▶ What you should do:
Each record that comes next should be output exactly; pictures do not belong in the copy.

(Web page caption snippets)
*** Block opens ***
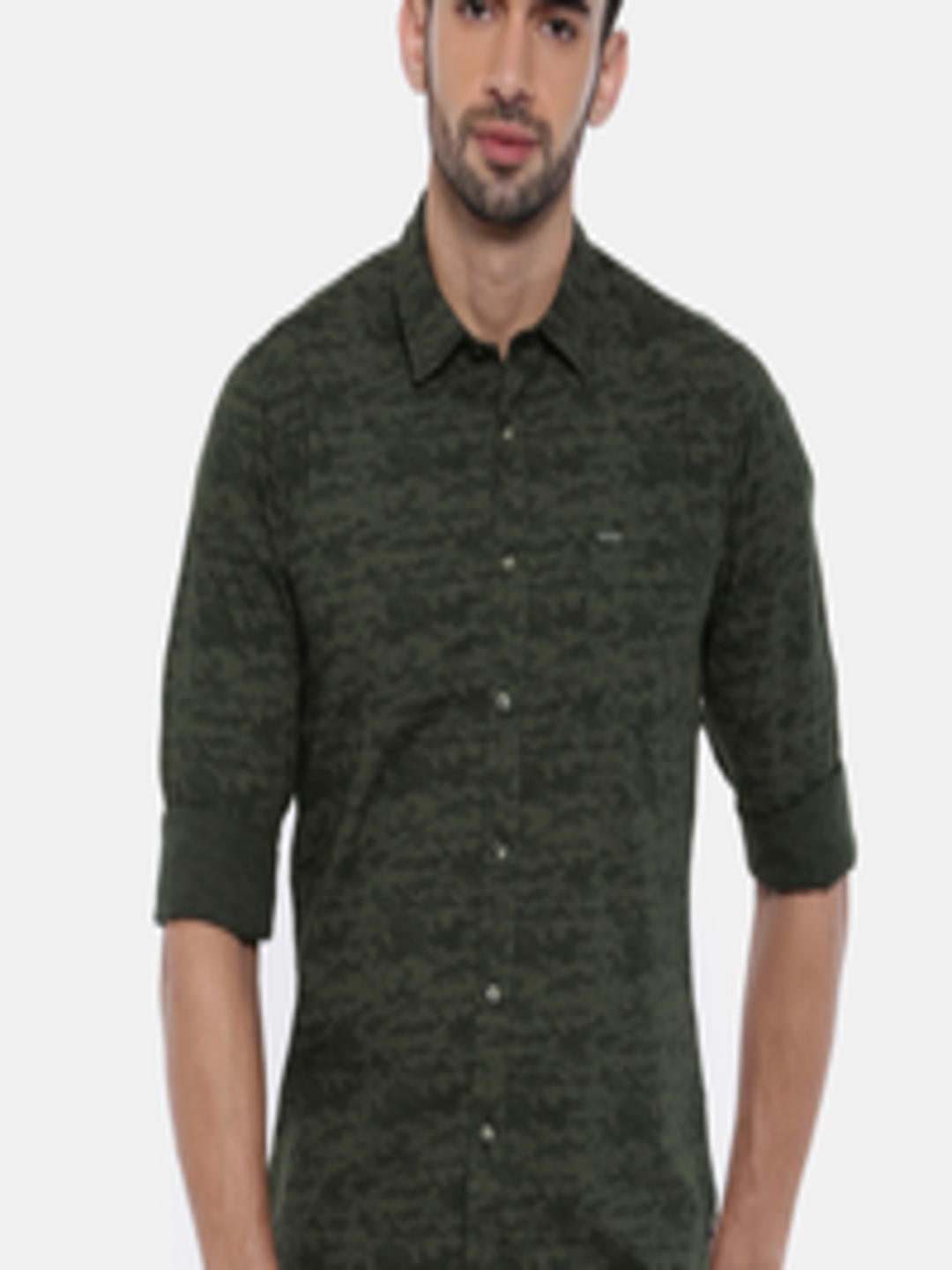 Buy Pepe Jeans Men Olive Green Slim Fit Printed Casual Shirt - Shirts ...
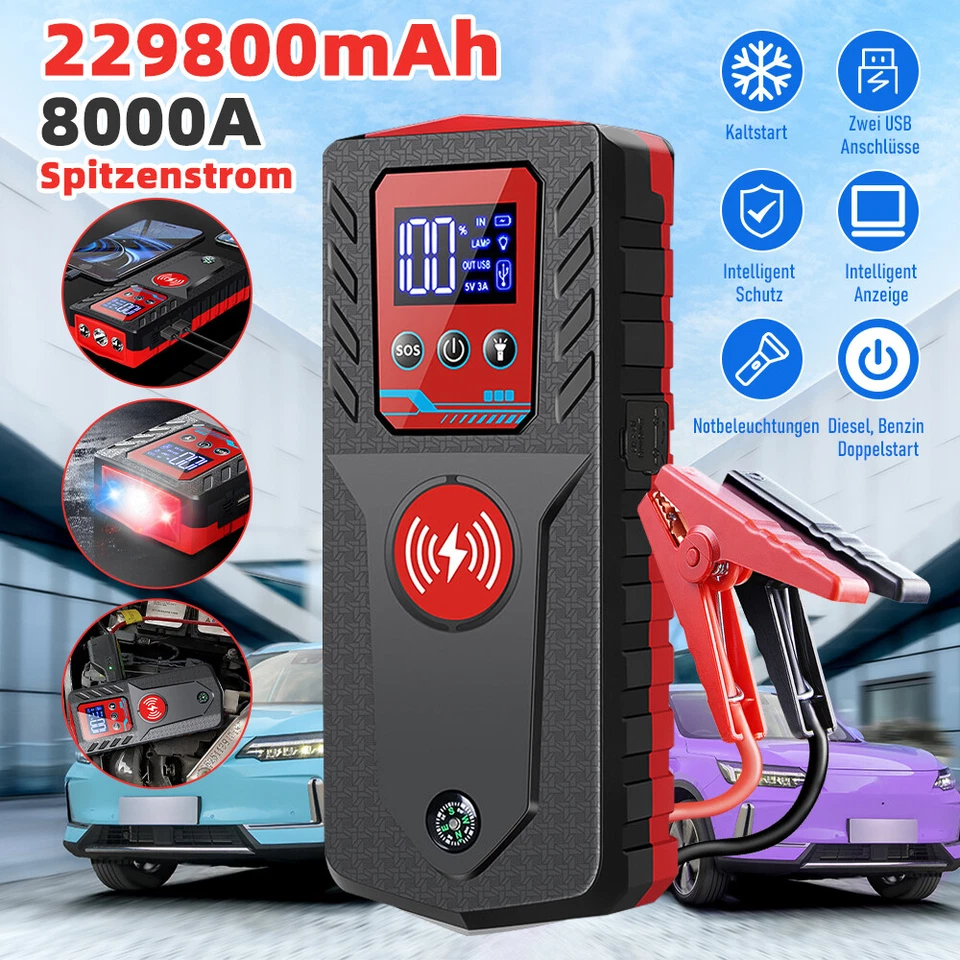 229800mA Avviamento Auto Jump Starter Caricabatterie Booster Powerbank 8000A 12V - Immagine 1 di 4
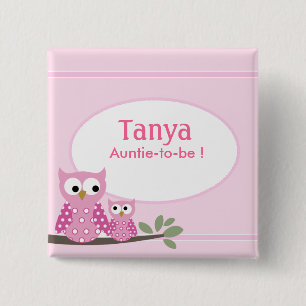 Rosa Schrei-Eulen-Babyparty-Namensschild-Knopf Button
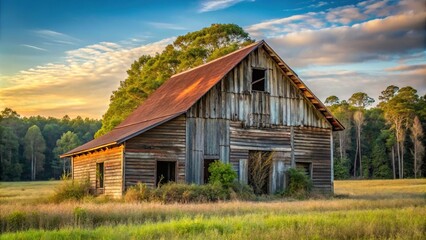 Abandoned barn on former tobacco plantation in North Carolina USA reflected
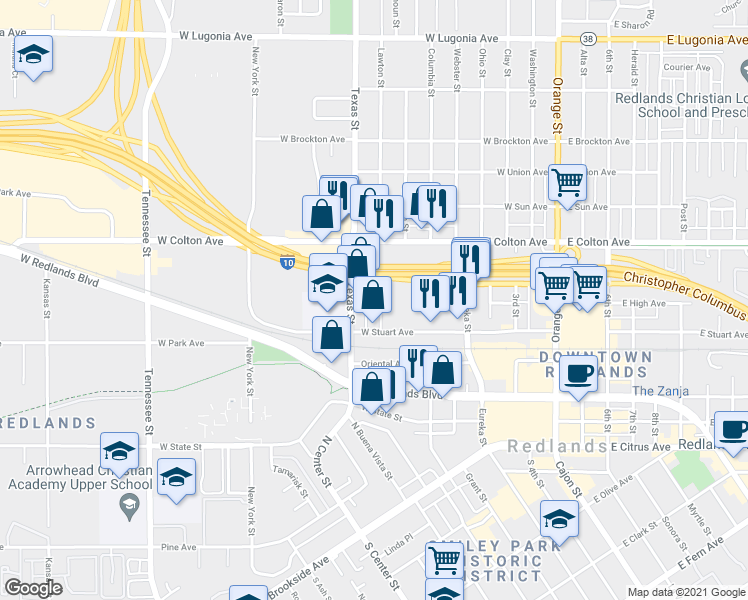 map of restaurants, bars, coffee shops, grocery stores, and more near 601 Lawton Street in Redlands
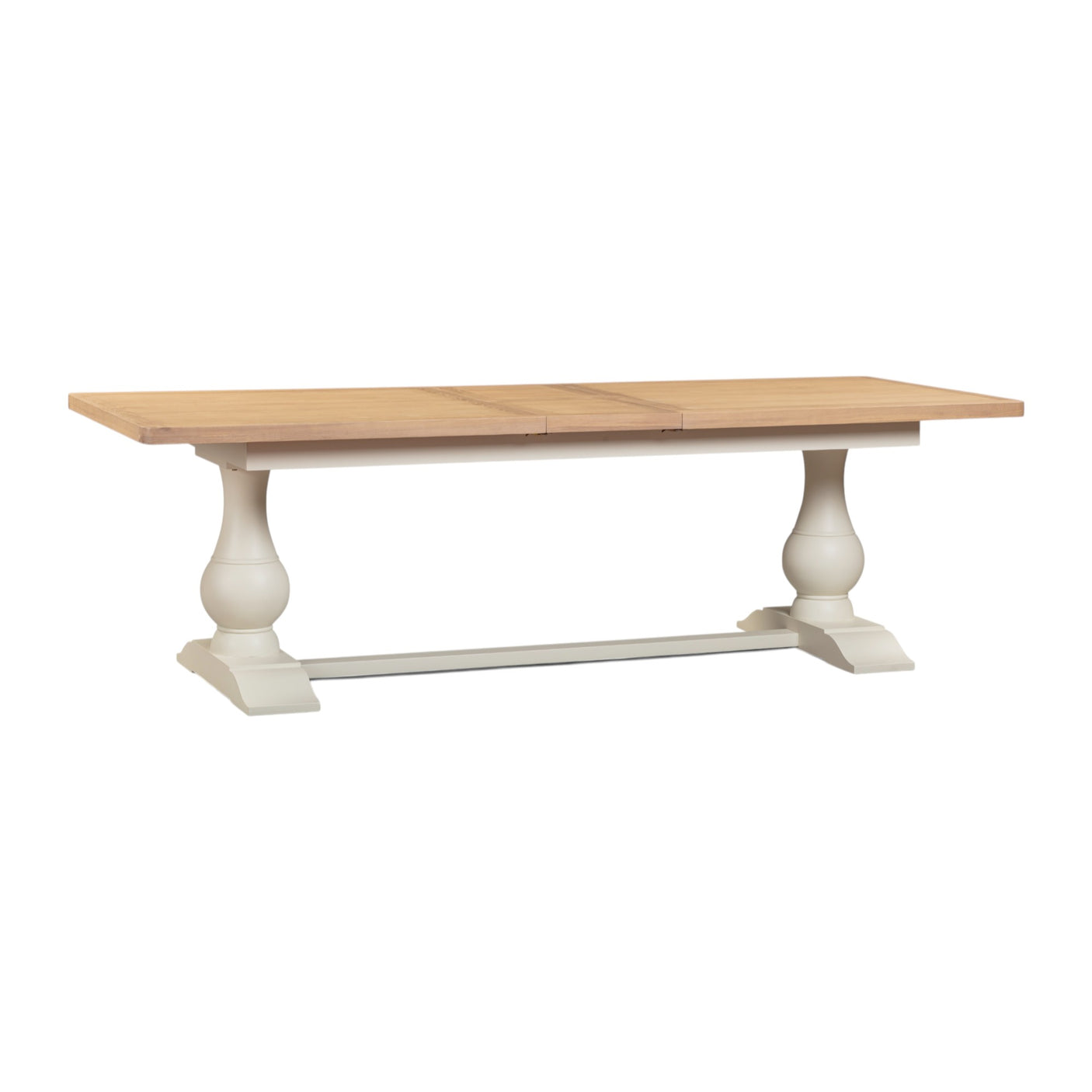 Wooden table with white base on a white background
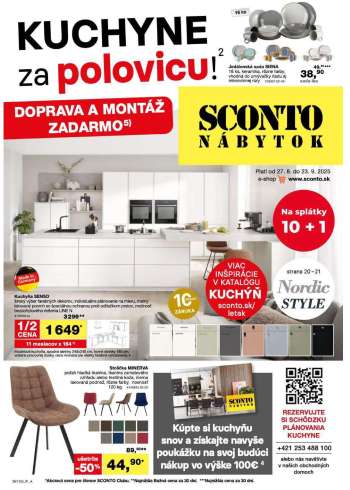 Leták Sconto nábytok - 27.8.2025 - 23.9.2025.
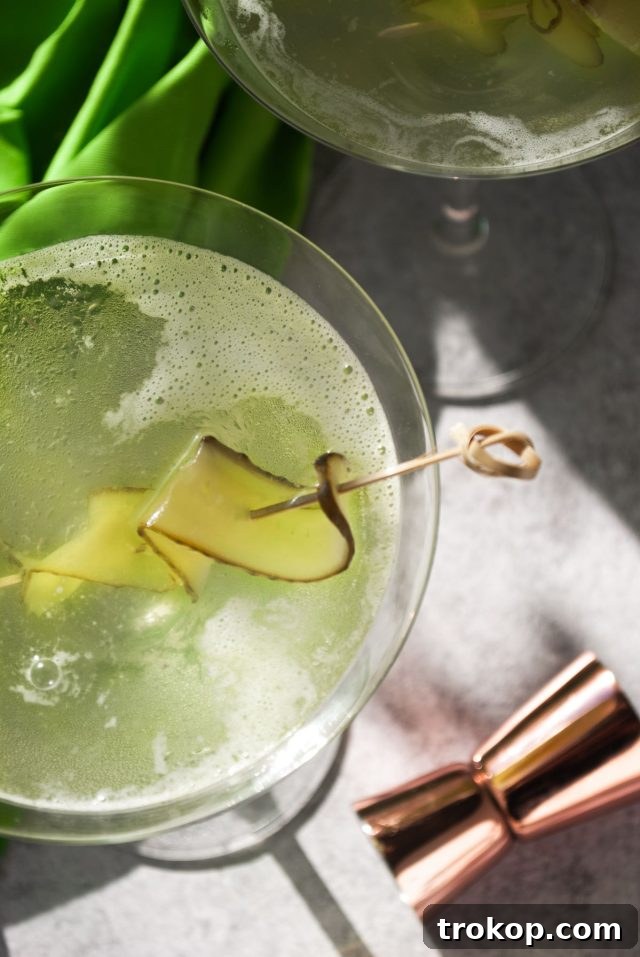 Top-down shot of a freshly prepared Pickle Martini in a glass, with a pickle garnish.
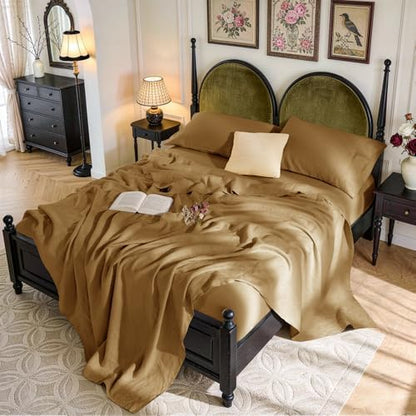SONORO KATE 100% French Linen Queen Size Sheets Set,Natural Flax Bedding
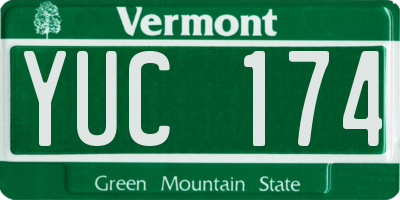 VT license plate YUC174
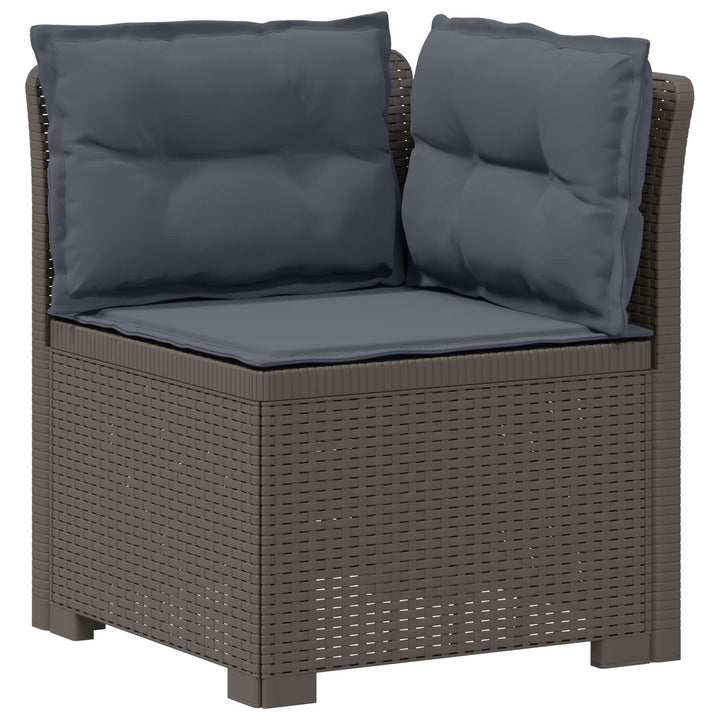 4-personers Have Sofa med Hynder Rattan Look PP Lysegrå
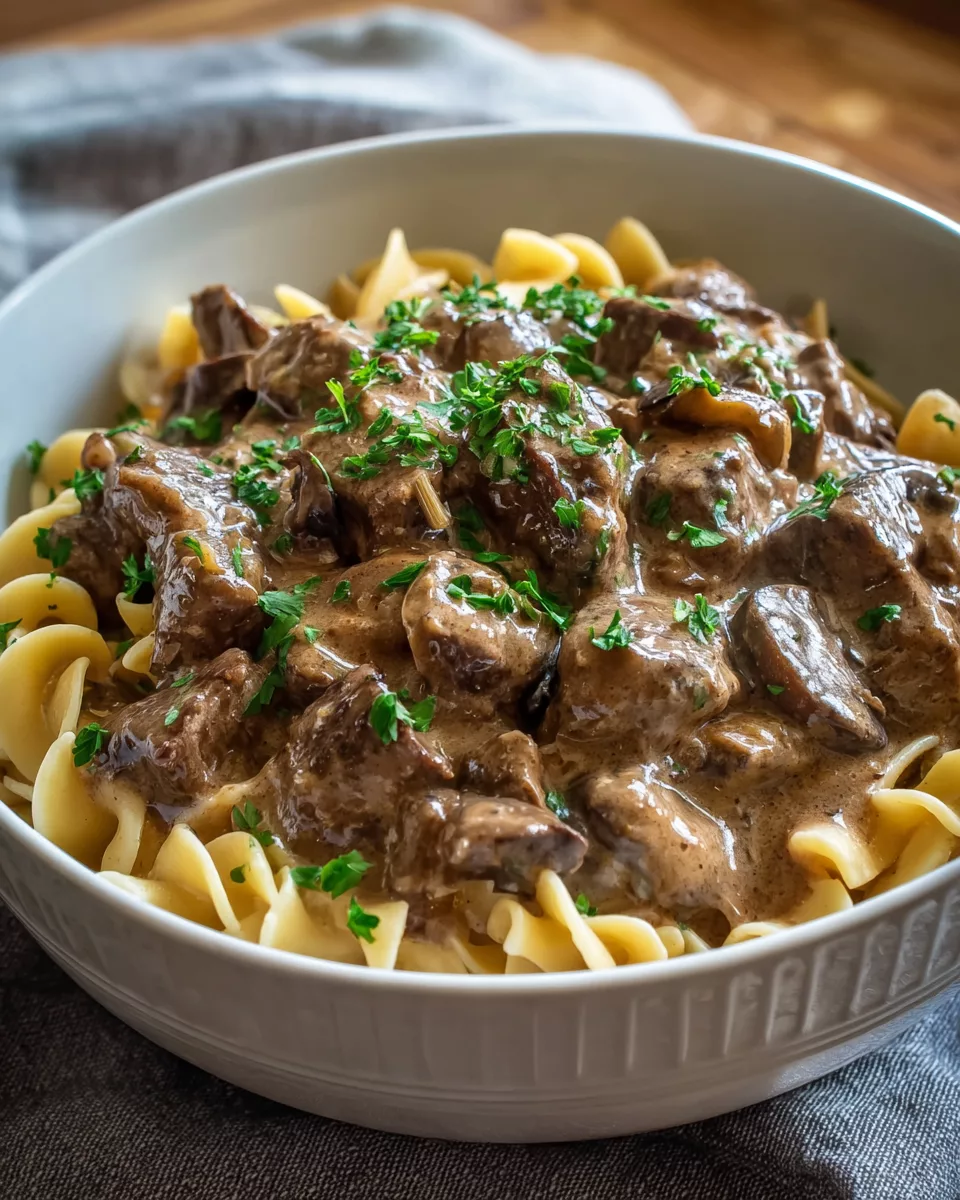 Slow cooker beef stroganoff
*** Block closes ***
▶ Solution to this exercise:
 Buy Pepe Jeans Men Olive Green Slim Fit Printed Casual Shirt - Shirts ...
 229800mA Avviamento Auto Jump Starter Caricabatterie Booster Powerbank 8000A 12V - Immagine 1 di 4
 Rosa Schrei-Eulen-Babyparty-Namensschild-Knopf Button
 Abandoned barn on former tobacco plantation in North Carolina USA reflected
 map of restaurants, bars, coffee shops, grocery stores, and more near 601 Lawton Street in Redlands
 Wooden table with white base on a white background
 Leták Sconto nábytok - 27.8.2025 - 23.9.2025.
 Top-down shot of a freshly prepared Pickle Martini in a glass, with a pickle garnish.
SONORO KATE 100% French Linen Queen Size Sheets Set,Natural Flax Bedding
 VT license plate YUC174
 4-personers Have Sofa med Hynder Rattan Look PP Lysegrå
 Slow cooker beef stroganoff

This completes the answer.